Ptilotus erubescens, commonly known as hairy heads or hairy tails, is a species of flowering plant in the family Amaranthaceae and is endemic to south-eastern continental Australia. It is an erect, hairy perennial plant with linear to broadly linear stem leaves and white, grey or pink-tinged, spherical or oval spikes of flowers.

== Description ==
Ptilotus erubescens is an erect perennial plant with a woody tap root with stems up to 25 cm long, and that is hairy, especially when young.

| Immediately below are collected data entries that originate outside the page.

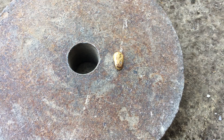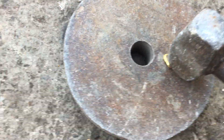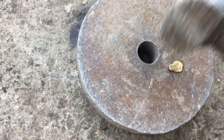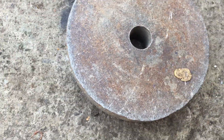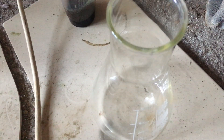To increase the surface area, I flattened the gold nuggets using a hammer. After cutting the flat gold into small pieces, I placed it in a flask.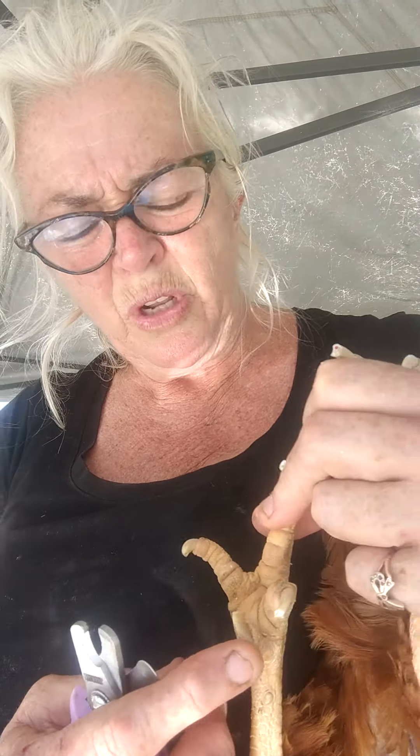See how that one was actually pressing into her pad? This one here too — when I got her, it was pressing right up in like that. So those ones we definitely give a clip to, as I have with the rest.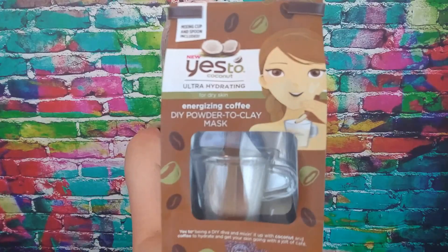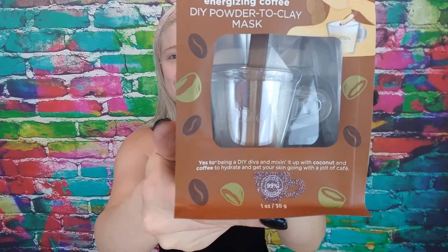It says 'energizing coffee,' so hopefully it'll make my skin look beautiful. I love it because I have a serious caffeine addiction — I saw it and it has coffee beans all over it. It comes in a little plastic mug shaped like a coffee cup, which I thought was super cute.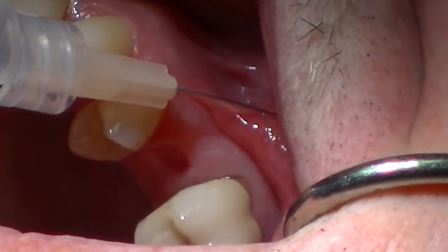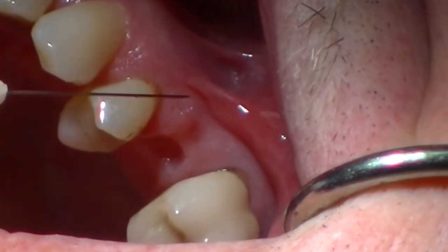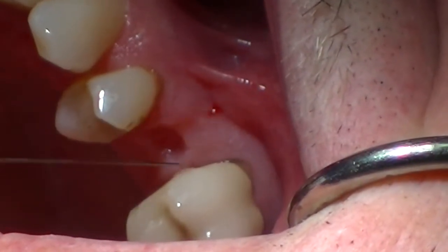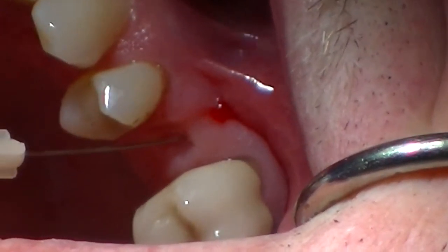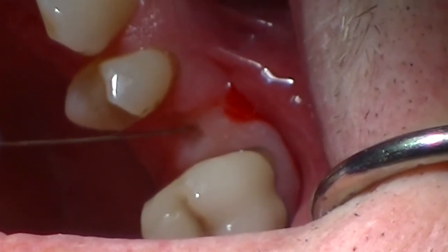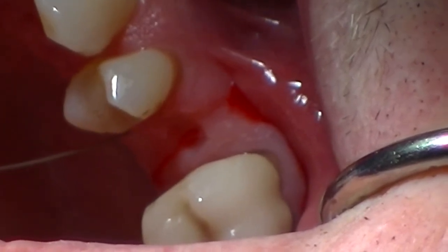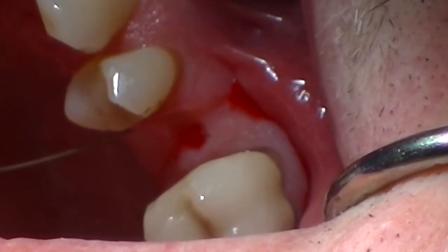I'm simply going to take my needle and walk up the ridge to the palatal area. What I want to do is basically blanch. When I'm doing this, I also want to look at the mucogingival line to see where the attached gingiva is. Here it's apparent that we do have plenty of attached gingiva on the facial aspect of the crestal ridge.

The stem leaves are linear to broadly linear, up to 30 mm long and 3 mm wide with scattered hairs. The flowers are borne in white, grey or pink-tinged, spherical or oval heads. There are straw-coloured bracts and bracteoles 6–12 mm long, the tepals about 12 mm long and hairy. There are four stamens and a single staminode, the ovary is sessile and covered with woolly hairs. Flowering occurs from November to February.

==Taxonomy==
Ptilotus erubescens was first formally described in 1847 by Diederich Franz Leonhard von Schlechtendal in the journal Linnaea from specimens collected near Gawler. The specific epithet (erubescens) means 'reddening' or 'blushing'.

==Distribution and habitat==
This species of Ptilotus grows in relatively fertile and red-earth soils in grassland and woodland, mainly in the Yanco-Deniliquin of western New South Wales, in northern and eastern Victoria and in the south-east of South Australia,

==Conservation status==
Ptilotus erubescens is listed as "critically endangered" under the Victorian Government Flora and Fauna Guarantee Act 1988.